Yesterday, like Christians everywhere, I stood in a line and waited for the imposition of ashes on my forehead. It's supposed to be a time when we consider our own mortality ("Remember that you are dust" and all that.)
Mostly I just think about hair.
Now, this may actually be a spiritual step up. I used to think about chocolate. Thin Mints, in particular. Every year I gave up chocolate for Lent, and by about 5:00 on Ash Wednesday, I'd spend my time in the ash line wondering if I could really stick with it.
Then one year in a moment of blinding clarity, I realized: Hell, NO, I can't give up Thin Mints. As long as the University of North Carolina plays tournament basketball in Lent, I need them for my angst and agita. (Wine won't do it - by the time the Heels reach their patented last-minute game finish, I'd be asleep.) That means Thin Mints are off the table. This year, I'm forgoing Starbuck's lattes, if you're keeping score at home.
So now I think about hair. What should I do with my bangs, which are right in the spot where the priest should impose the ash cross?

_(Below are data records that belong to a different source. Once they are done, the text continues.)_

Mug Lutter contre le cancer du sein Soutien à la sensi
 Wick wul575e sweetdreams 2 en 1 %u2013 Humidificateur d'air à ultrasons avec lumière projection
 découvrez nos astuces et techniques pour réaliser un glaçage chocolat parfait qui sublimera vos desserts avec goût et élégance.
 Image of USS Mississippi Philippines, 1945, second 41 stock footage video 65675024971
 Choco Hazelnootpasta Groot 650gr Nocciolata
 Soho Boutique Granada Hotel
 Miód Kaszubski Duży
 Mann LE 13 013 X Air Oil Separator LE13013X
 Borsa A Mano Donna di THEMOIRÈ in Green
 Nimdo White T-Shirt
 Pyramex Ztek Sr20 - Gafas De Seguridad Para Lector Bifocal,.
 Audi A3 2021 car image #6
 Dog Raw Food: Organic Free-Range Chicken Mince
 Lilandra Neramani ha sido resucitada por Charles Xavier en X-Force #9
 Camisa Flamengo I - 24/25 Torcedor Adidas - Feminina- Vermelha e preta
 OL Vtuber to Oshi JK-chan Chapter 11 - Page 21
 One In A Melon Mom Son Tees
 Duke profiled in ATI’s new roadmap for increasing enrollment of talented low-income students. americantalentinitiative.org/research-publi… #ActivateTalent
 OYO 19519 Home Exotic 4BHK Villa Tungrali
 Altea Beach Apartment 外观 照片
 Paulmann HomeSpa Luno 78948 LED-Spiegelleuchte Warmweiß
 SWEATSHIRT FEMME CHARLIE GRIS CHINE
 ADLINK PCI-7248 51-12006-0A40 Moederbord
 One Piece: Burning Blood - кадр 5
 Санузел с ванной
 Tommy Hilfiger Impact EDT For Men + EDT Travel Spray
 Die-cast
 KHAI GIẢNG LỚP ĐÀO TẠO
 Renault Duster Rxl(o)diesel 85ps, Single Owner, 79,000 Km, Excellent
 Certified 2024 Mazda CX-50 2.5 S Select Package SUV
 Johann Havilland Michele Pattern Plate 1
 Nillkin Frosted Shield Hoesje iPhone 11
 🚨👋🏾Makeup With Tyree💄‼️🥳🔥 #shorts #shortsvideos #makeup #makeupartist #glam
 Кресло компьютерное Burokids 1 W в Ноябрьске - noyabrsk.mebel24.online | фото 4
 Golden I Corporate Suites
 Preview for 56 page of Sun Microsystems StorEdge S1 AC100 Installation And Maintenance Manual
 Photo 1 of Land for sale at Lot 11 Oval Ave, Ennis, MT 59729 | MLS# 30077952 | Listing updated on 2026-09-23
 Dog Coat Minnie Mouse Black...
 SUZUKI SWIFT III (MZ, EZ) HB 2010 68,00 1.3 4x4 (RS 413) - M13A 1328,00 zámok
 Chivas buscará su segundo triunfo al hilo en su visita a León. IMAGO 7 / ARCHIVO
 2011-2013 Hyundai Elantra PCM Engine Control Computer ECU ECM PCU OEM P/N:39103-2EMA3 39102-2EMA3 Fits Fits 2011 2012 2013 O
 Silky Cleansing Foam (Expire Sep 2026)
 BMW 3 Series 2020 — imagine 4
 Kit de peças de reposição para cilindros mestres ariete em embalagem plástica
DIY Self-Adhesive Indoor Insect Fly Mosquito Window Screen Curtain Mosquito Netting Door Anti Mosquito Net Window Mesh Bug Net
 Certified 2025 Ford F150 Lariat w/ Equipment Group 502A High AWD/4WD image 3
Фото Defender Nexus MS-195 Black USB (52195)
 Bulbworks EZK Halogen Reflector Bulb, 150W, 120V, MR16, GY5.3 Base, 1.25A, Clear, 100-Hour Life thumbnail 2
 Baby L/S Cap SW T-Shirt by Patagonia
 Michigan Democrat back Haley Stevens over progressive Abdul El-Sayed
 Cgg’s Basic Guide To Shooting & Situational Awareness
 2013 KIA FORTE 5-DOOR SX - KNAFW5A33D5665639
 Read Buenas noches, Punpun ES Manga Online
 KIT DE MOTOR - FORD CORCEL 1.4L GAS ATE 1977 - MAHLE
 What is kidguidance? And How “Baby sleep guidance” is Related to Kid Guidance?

My bangs are there because . . . well, that's all they do. You don't really "style" them. If you try to brush them back, they stubbornly return.
Is holding my hair back akin to yanking the host from the priest's hand during the Eucharist? Would I be violating some unwritten Episco-rule?
I'm relying on my priest friends for an answer. Because really, at my age, I should probably spend some of that time thinking about mortality.